Какие-то разговоры относительно отстранения Л. Топтунова были. Возникли они, видимо, после того, как я сказал Акимову отправить его и Киршенбаума на третий блок ввиду бесполезности их пребывания на БЩУ-4 и опасной радиационной обстановки. Это было примерно через час после аварии.
Ещё один момент требует пояснения, поскольку он связан с ничем не оправданным облучением нескольких человек, – это утверждение Медведева, что с подачи Дятлова пошла гулять версия о целости реактора после взрыва. И откуда он всё знает? Я-то никому об этом не говорил, в том числе и ему. Перевозченко никому не рассказывал о дикой пляске, а Медведев знает. Никто не знает об отстранении Л. Топтунова, а Медведев знает. Никто не знает, что Л. Топтунов и А. Акимов сопротивлялись подъёму мощности, а Медведев знает.
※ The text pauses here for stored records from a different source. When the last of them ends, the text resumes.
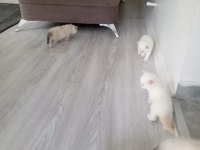 BEYAZ SAFKAN BRİTİSH YAVRULAR
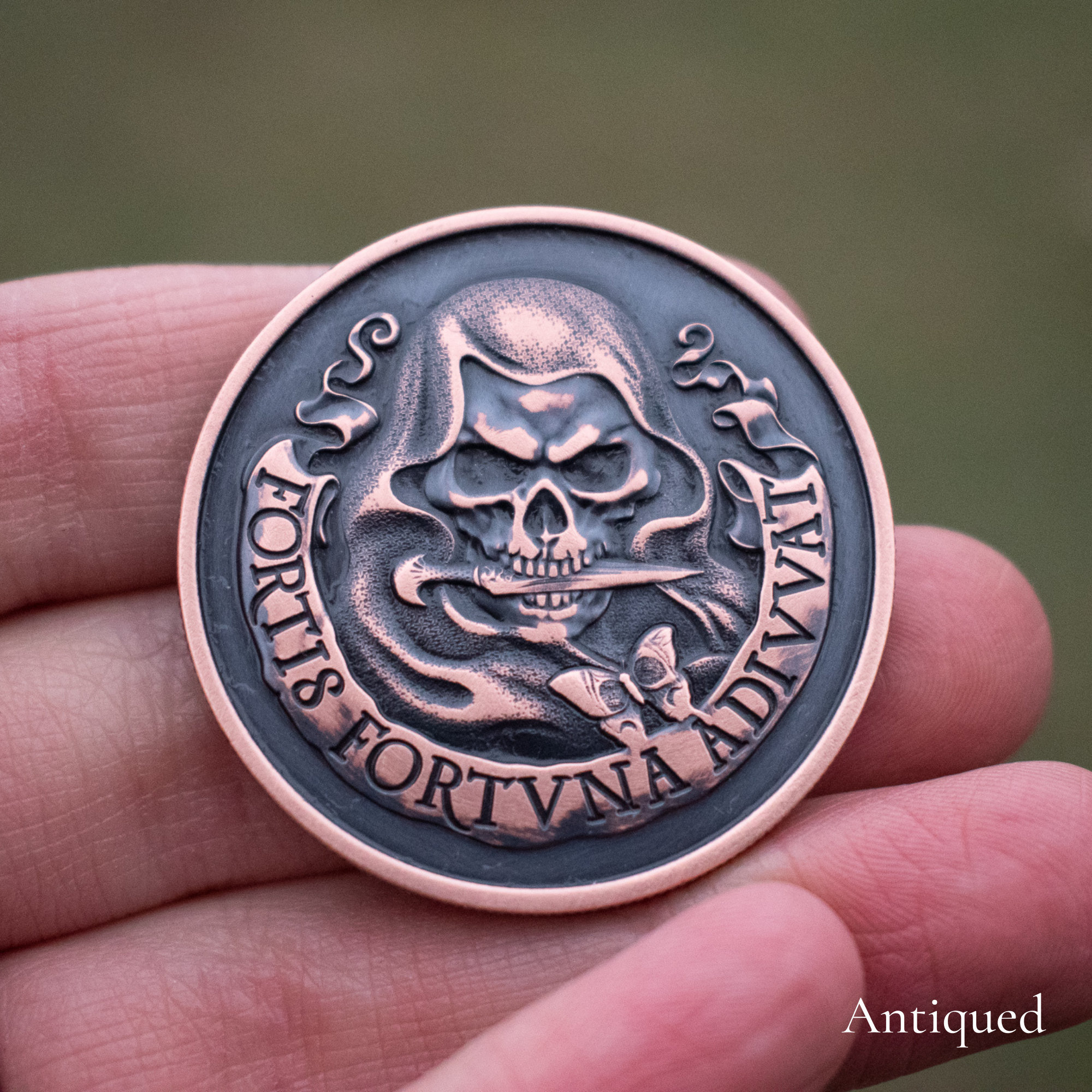 Fortis Fortuna Adiuvat Latin Challenge Coin Worry Fiddle EDC Everyday Carry  Copper Skull Stoic Men's Gift Fortune Favors the Brave -  Canada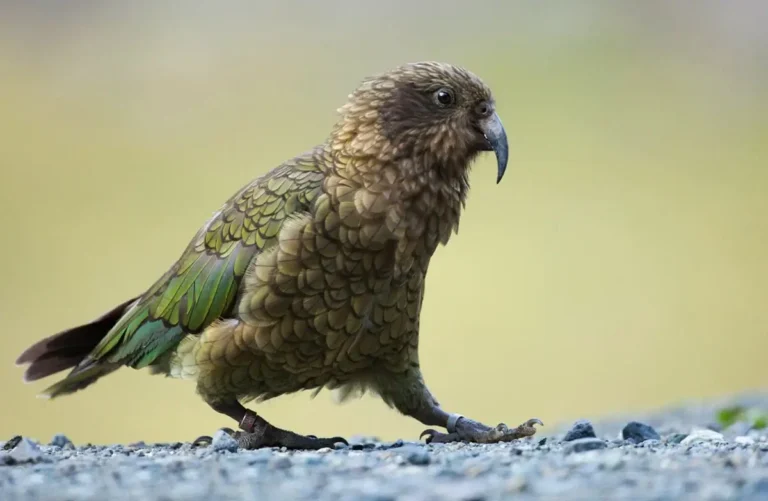 Kea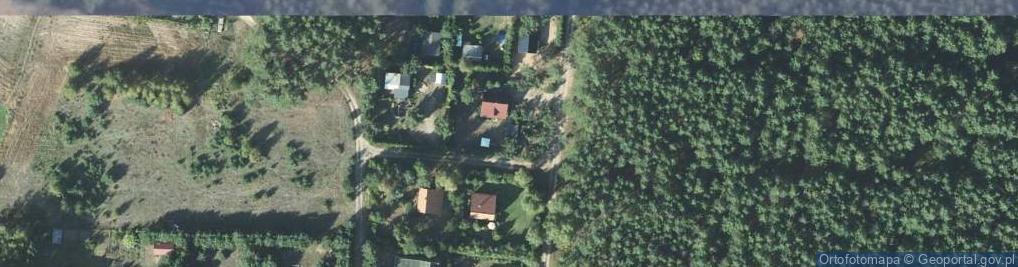 Zdjęcie satelitarne Trzebiechowo ul.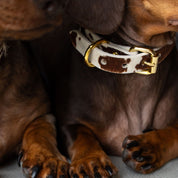 Cow Dog Collar Thin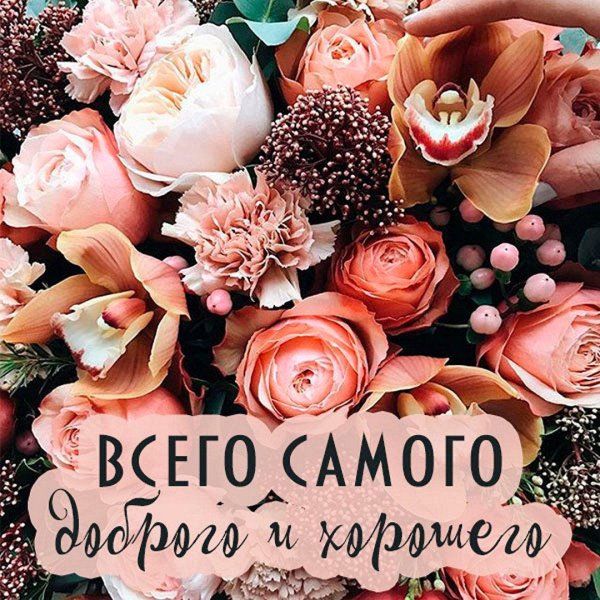 всего самого доброго и светлого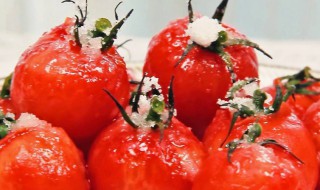 糖渍小番茄的制作方法 做糖霜小番茄的方法
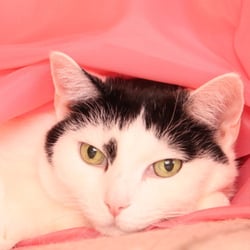 Bastet the Cat 2012 Teil 03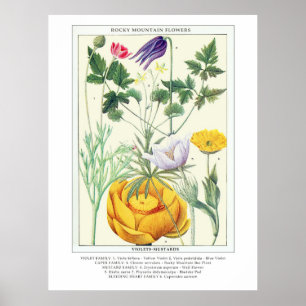 Botanische Rocky Mountain Wildflowers Poster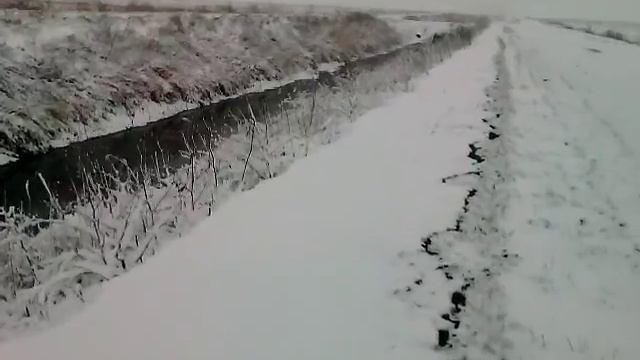 Охота на уток с сеттером смотреть онлайн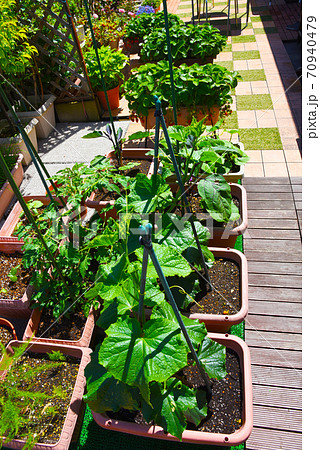 マンションのルーフバルコニーでおうち時間に野菜を育てよう 家庭菜園で自給自足の写真素材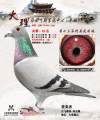 图片暂时未上传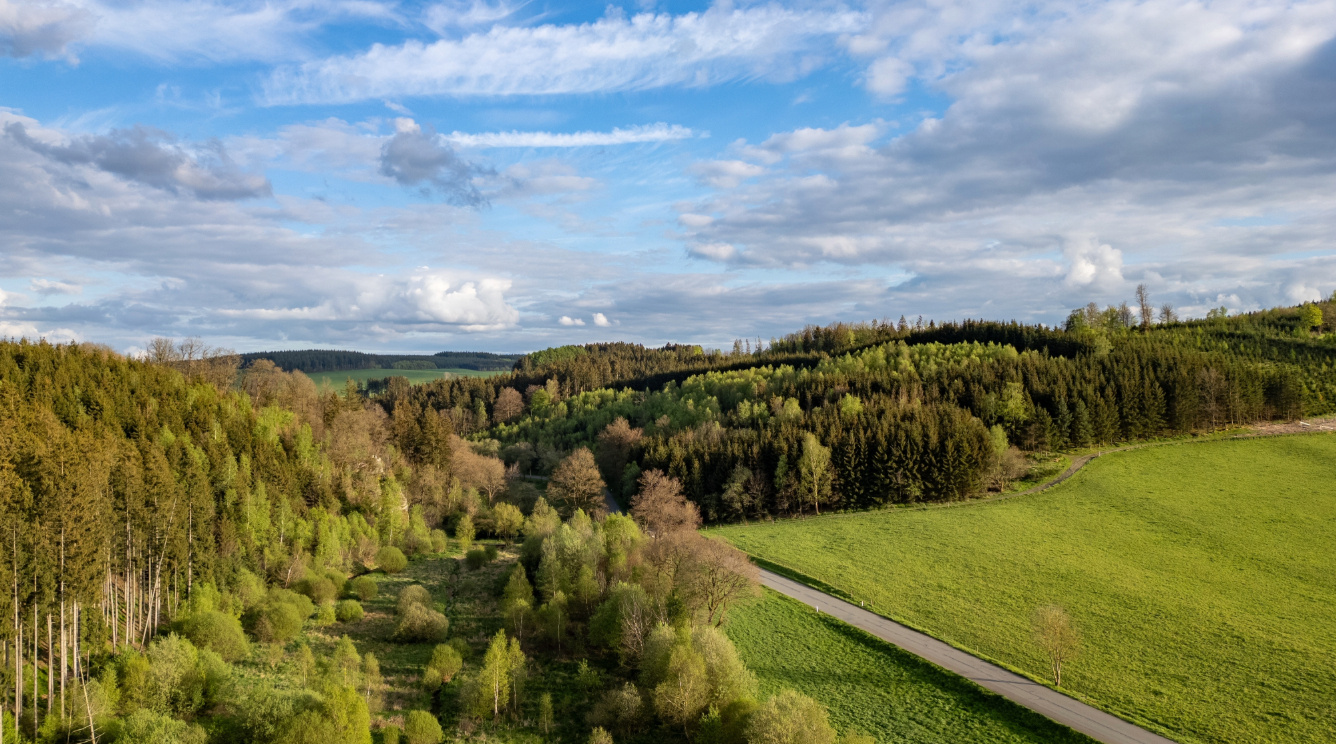 Europes Natural Heritage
Медведев, оказывается, знает и что было, и чего не было. Правда, пишет он в основном о том, чего не было. Такой уж «документалист».
Как было, я описал. В.П. Брюханов у меня не спрашивал ни по телефону, ни в бункере, когда я туда пришёл. С Н.М. Фоминым я 26 апреля вовсе не разговаривал.
Если бы я думал, что реактор цел, то уж, конечно, пытался бы организовать подачу воды. Смею заверить, блок я знал хорошо, а реакторный цех никто на станции лучше меня не знал. При нехватке людей попросил бы у Брюханова, но мы ничего для этого не делали, что ясно говорит, как я думал о реакторе.
И утверждение Г. Медведва о том, что Л. Топтунов и А. Акимов вели себя мужественно, но бесполезно, – безнравственно. Да, Леонид Топтунов по своей должности действительно не мог ничего сделать. Но своим поведением, когда он сам вернулся на блок, показал образец верности делу. А все работы по отключению механизмов, обесточиванию, сливу турбинного масла, вытеснению водорода из генераторов, т.е. по предотвращению возникновения новых пожаров, проведены под прямым руководством Александра Акимова. Ничего другого полезного в той обстановке и сделать было нельзя. А то, что сделано, – это много и необходимо. Александр Акимов был хорошим, исключительно добросовестным работником. И умер достойно Человека.